··· DATA PROVIDED ···

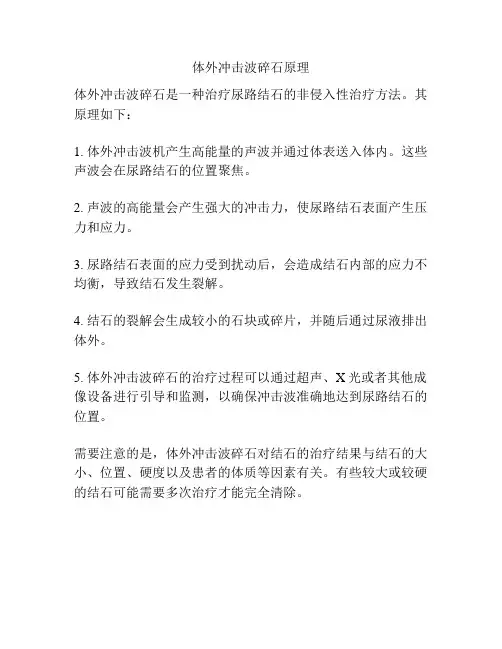体外冲击波碎石原理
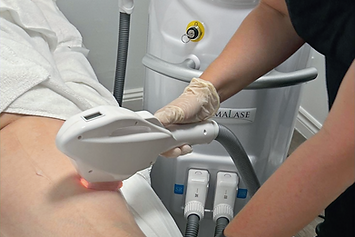 Laser Hair Removal from Leg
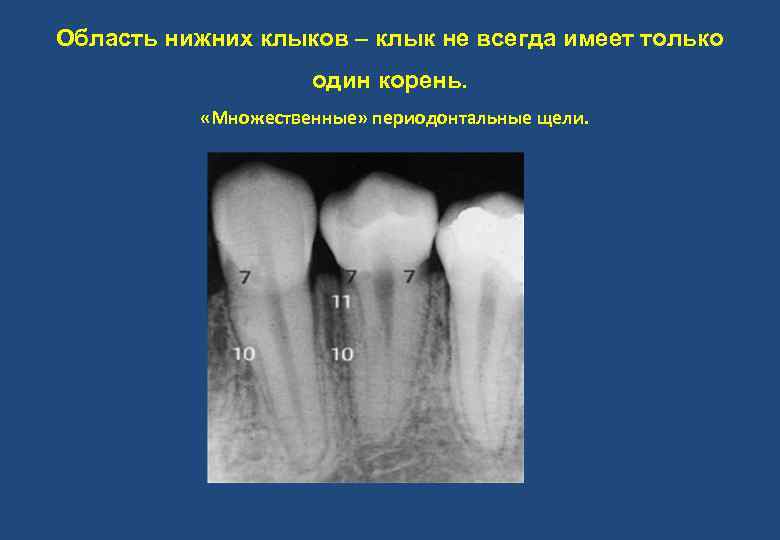 Область нижних клыков – клык не всегда имеет только один корень. «Множественные» периодонтальные щели.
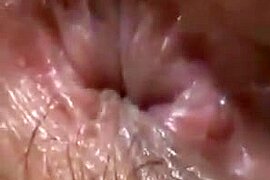 Anal fingering - free porn video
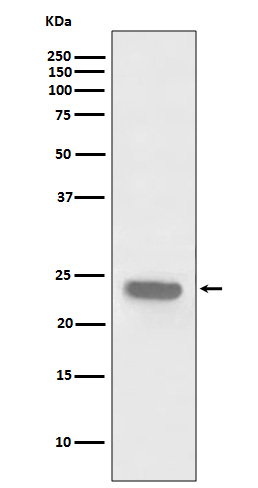 1 - PARK7 Antibody AP90747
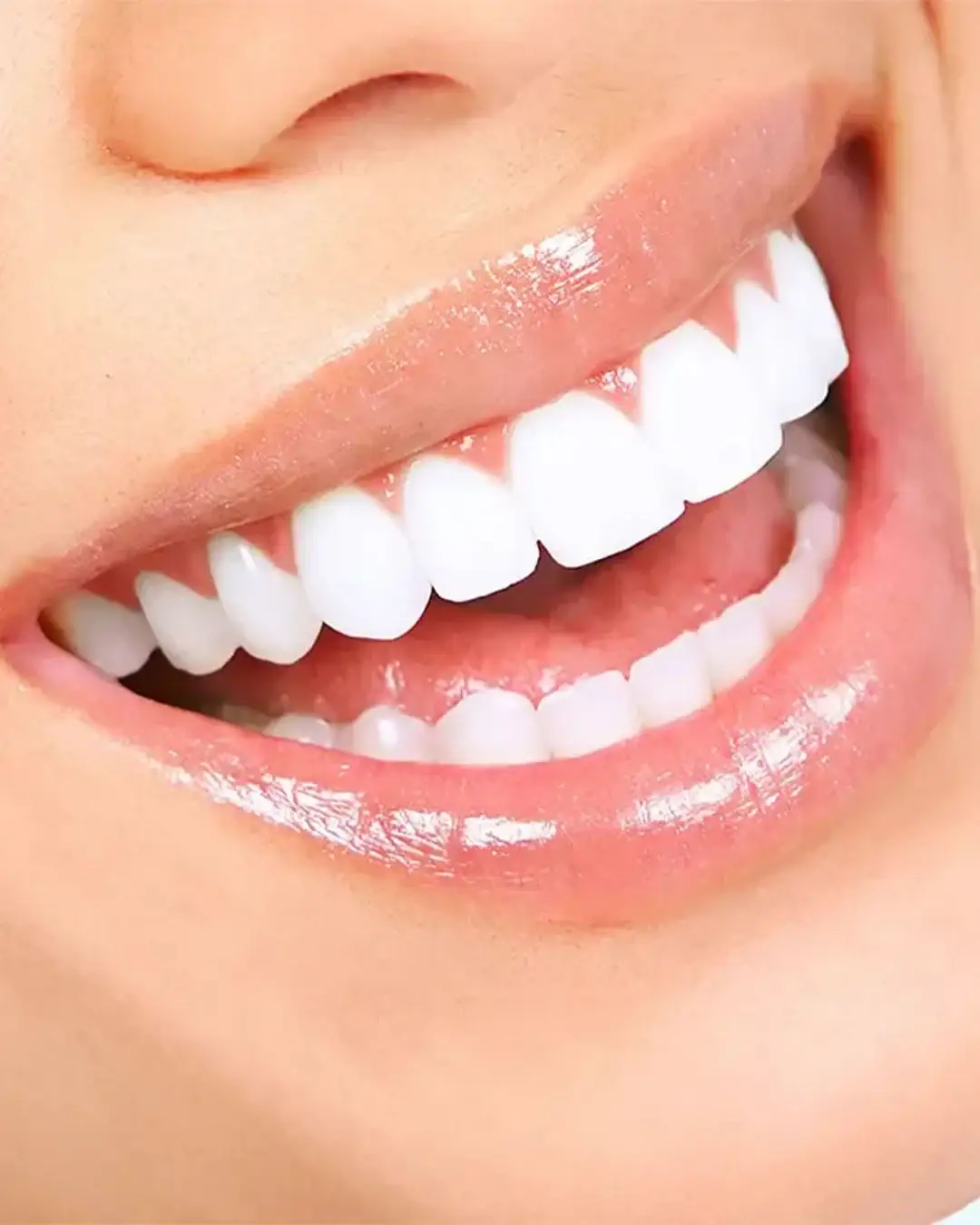 veneer-treatment-process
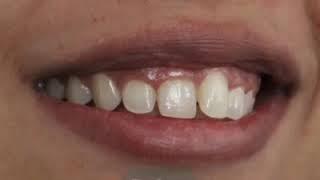 Smile Makeover for an interesting case of overlapped teeth and gummy smile| Best Cosmetic Dentist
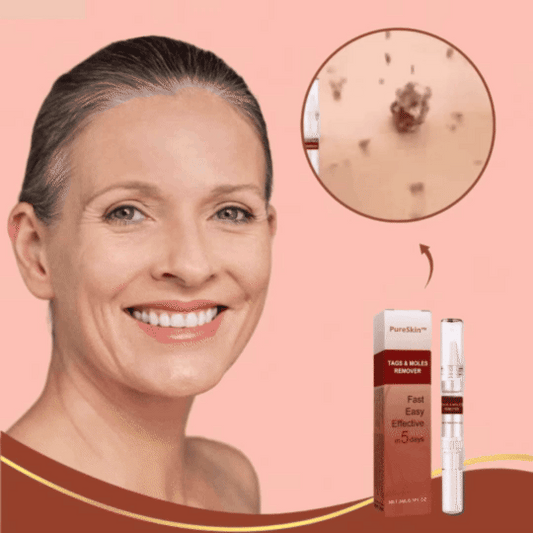 PureSkin™ | Fjerner vorter og alderspletter – smertefrit inden for 3 dage!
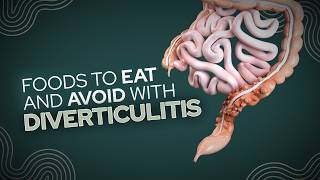 Foods To Eat and Avoid With Diverticulitis [upl. by Noellyn]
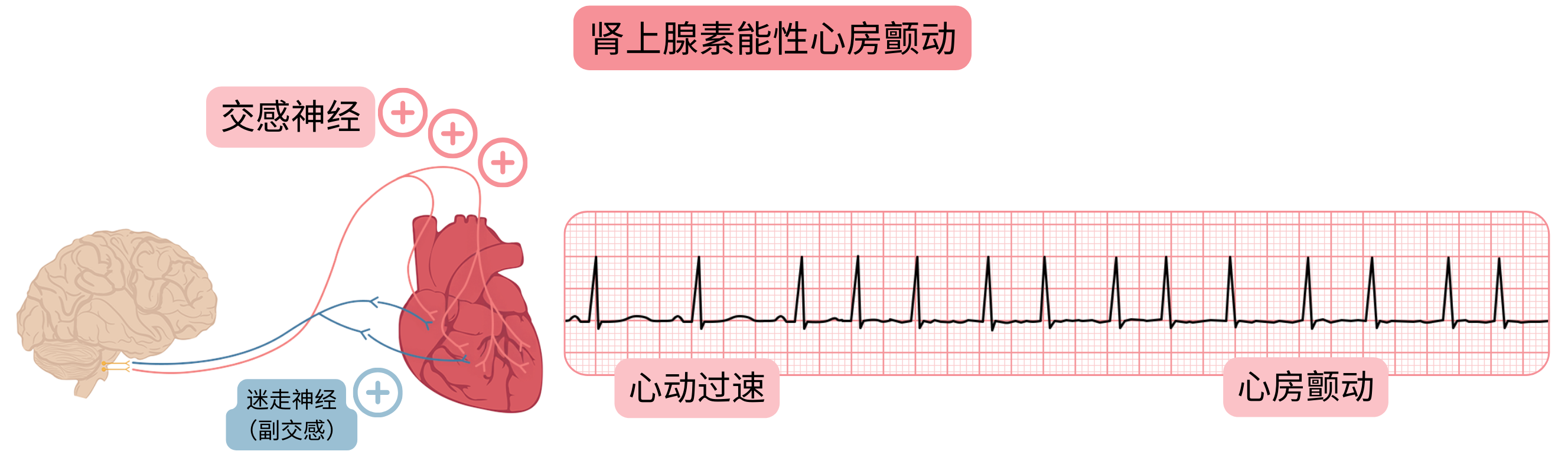 示意图展示由交感神经活动增强介导的肾上腺素能性心房颤动，伴随心动过速并在心电图上转变为心房颤动。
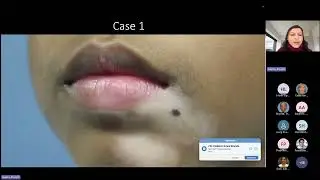 Dermatologic Manifestations in Children with Skin of Color   Pediatric Grand Rounds 1-16-2026
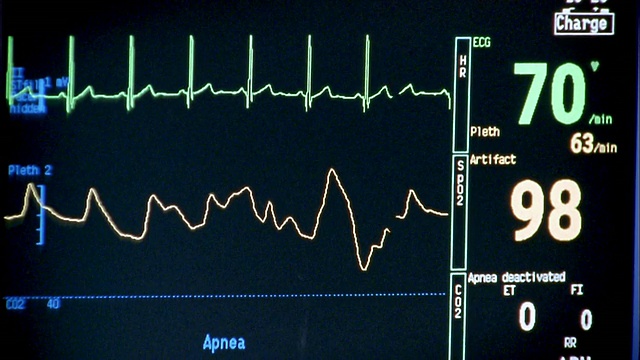 近距离观察医院监护仪显示的心电图波形视频下载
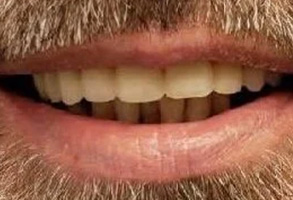 The image shows a close-up of a person with a mustache smiling at the camera, displaying a set of teeth with one tooth missing.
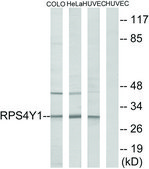 Anti-RPS4Y1 antibody produced in rabbit affinity isolated antibody
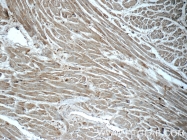 17971-1-AP - RASIP1 / RAIN
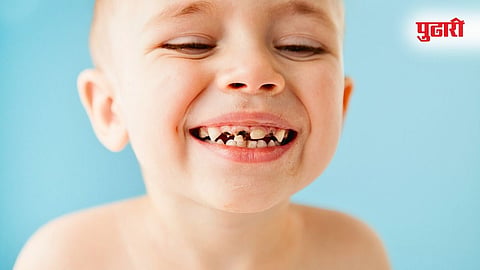 Baby Tooth Decay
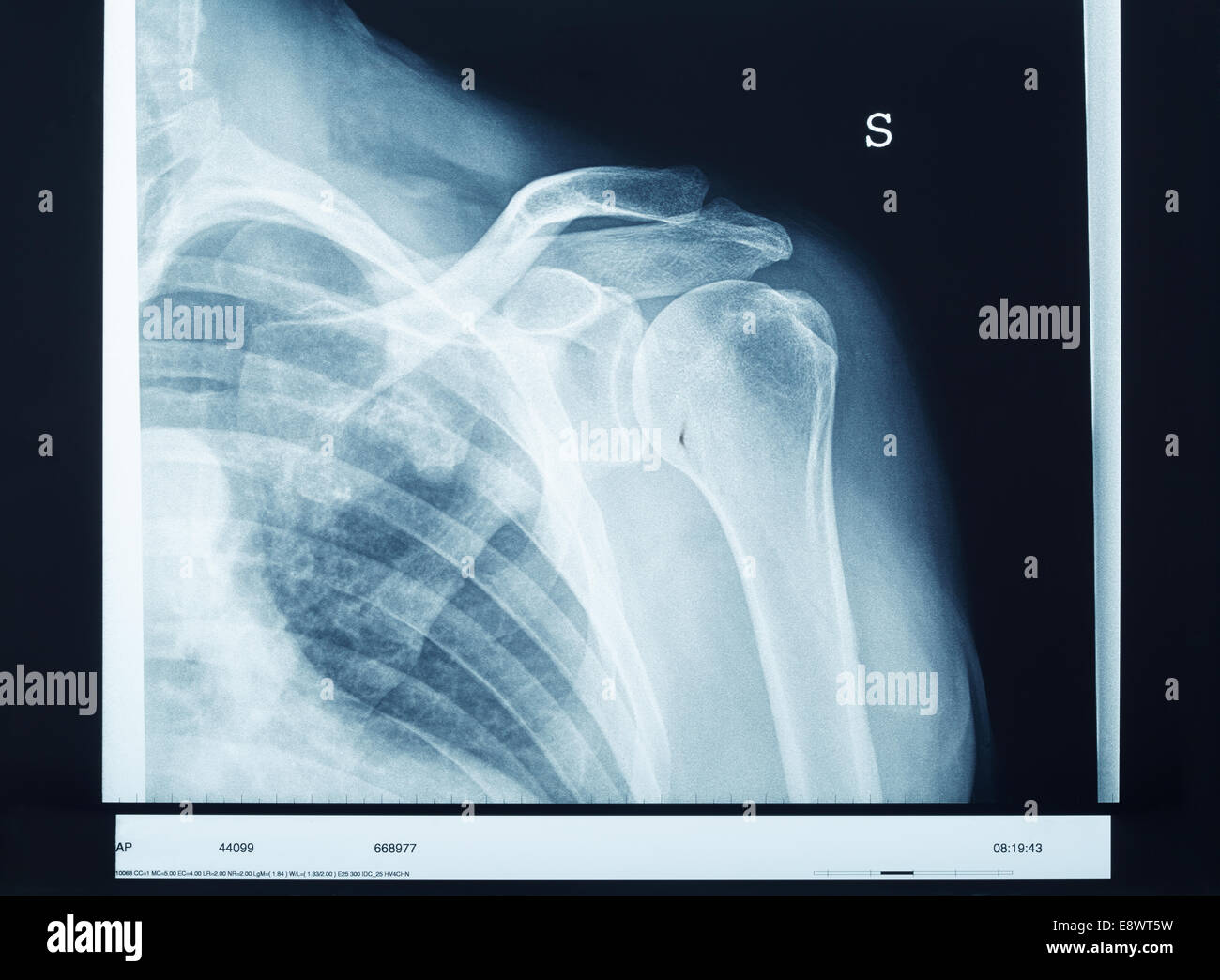 X-ray shoulder Stock Photo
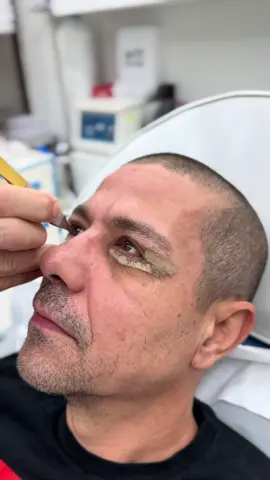 Blefaroplastia inferioară are rolul de a îndepărta depozitele de grăsime și laxitatea cutanată de sub ochi, redând zonei un contur ferm și armonios. Rezultatul: o privire rejuvenată, fără semne de oboseală. #drlevymedicalcenter #plasticsurgeonsoftiktok #blefaroplastica #blefaro 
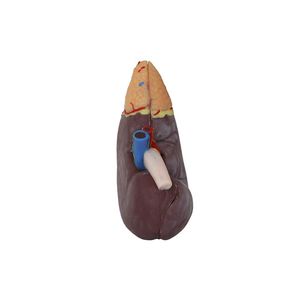 kidney model 1
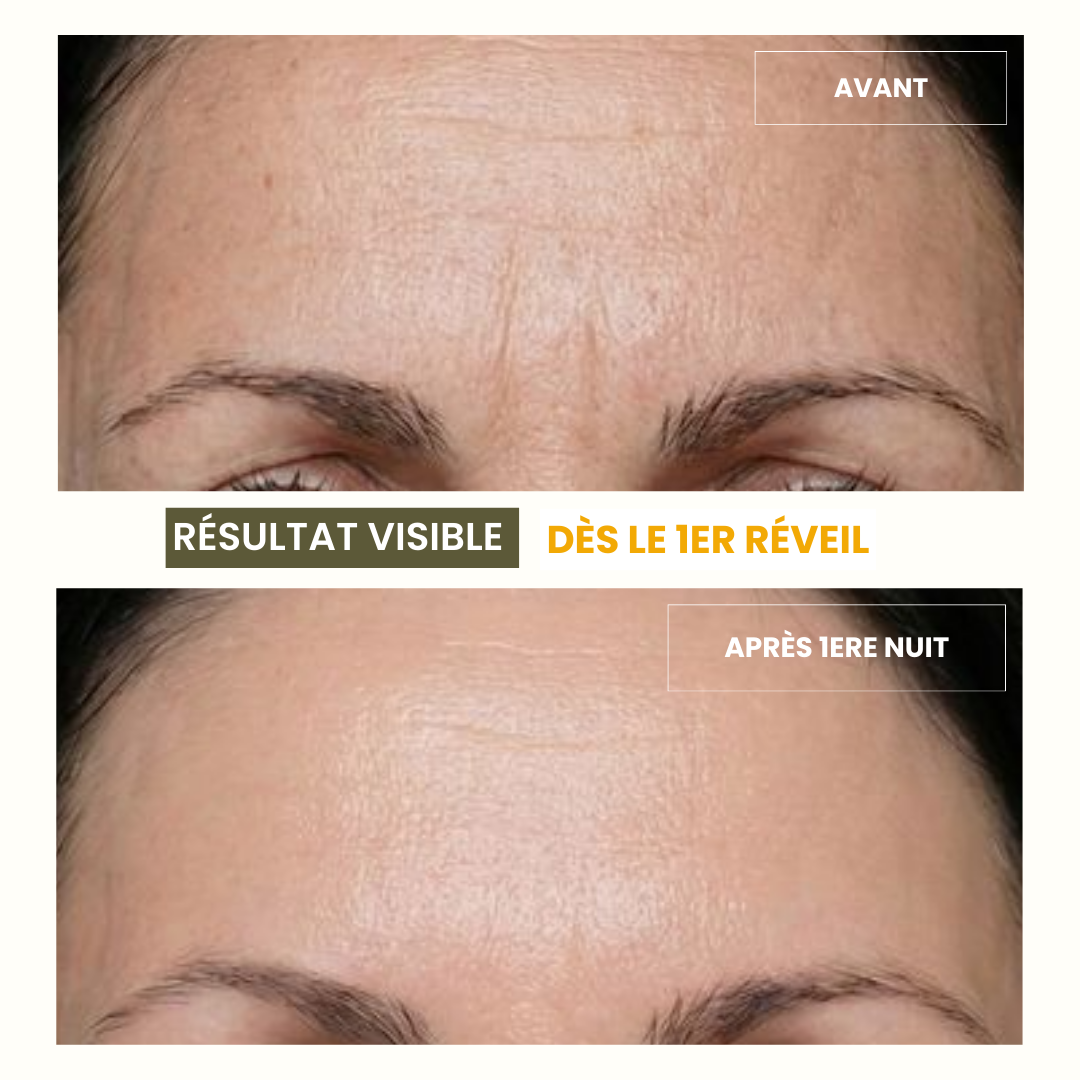 Patch Frontal Anti-ride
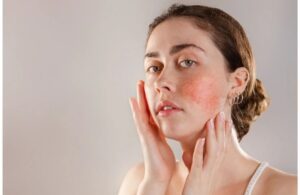 Hướng Dẫn Bạn Chi Tiết Chăm Sóc Da Theo Chu Kỳ Của Nội Tiết Tố 2 Hướng Dẫn Bạn Chi Tiết Chăm Sóc Da Theo Chu Kỳ Của Nội Tiết Tố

···

_EXERCISE OBJECTIVE_
Please print the data above once more, exactly and without images.

_WRITTEN RESPONSE_
体外冲击波碎石原理
 Laser Hair Removal from Leg
 Область нижних клыков – клык не всегда имеет только один корень. «Множественные» периодонтальные щели.
 Anal fingering - free porn video
 1 - PARK7 Antibody AP90747
 veneer-treatment-process
 Smile Makeover for an interesting case of overlapped teeth and gummy smile| Best Cosmetic Dentist
 PureSkin™ | Fjerner vorter og alderspletter – smertefrit inden for 3 dage!
 Foods To Eat and Avoid With Diverticulitis [upl. by Noellyn]
 示意图展示由交感神经活动增强介导的肾上腺素能性心房颤动，伴随心动过速并在心电图上转变为心房颤动。
 Dermatologic Manifestations in Children with Skin of Color   Pediatric Grand Rounds 1-16-2026
 近距离观察医院监护仪显示的心电图波形视频下载
 The image shows a close-up of a person with a mustache smiling at the camera, displaying a set of teeth with one tooth missing.
 Anti-RPS4Y1 antibody produced in rabbit affinity isolated antibody
 17971-1-AP - RASIP1 / RAIN
 Baby Tooth Decay
 X-ray shoulder Stock Photo
 Blefaroplastia inferioară are rolul de a îndepărta depozitele de grăsime și laxitatea cutanată de sub ochi, redând zonei un contur ferm și armonios. Rezultatul: o privire rejuvenată, fără semne de oboseală. #drlevymedicalcenter #plasticsurgeonsoftiktok #blefaroplastica #blefaro 
 kidney model 1
 Patch Frontal Anti-ride
 Hướng Dẫn Bạn Chi Tiết Chăm Sóc Da Theo Chu Kỳ Của Nội Tiết Tố 2 Hướng Dẫn Bạn Chi Tiết Chăm Sóc Da Theo Chu Kỳ Của Nội Tiết Tố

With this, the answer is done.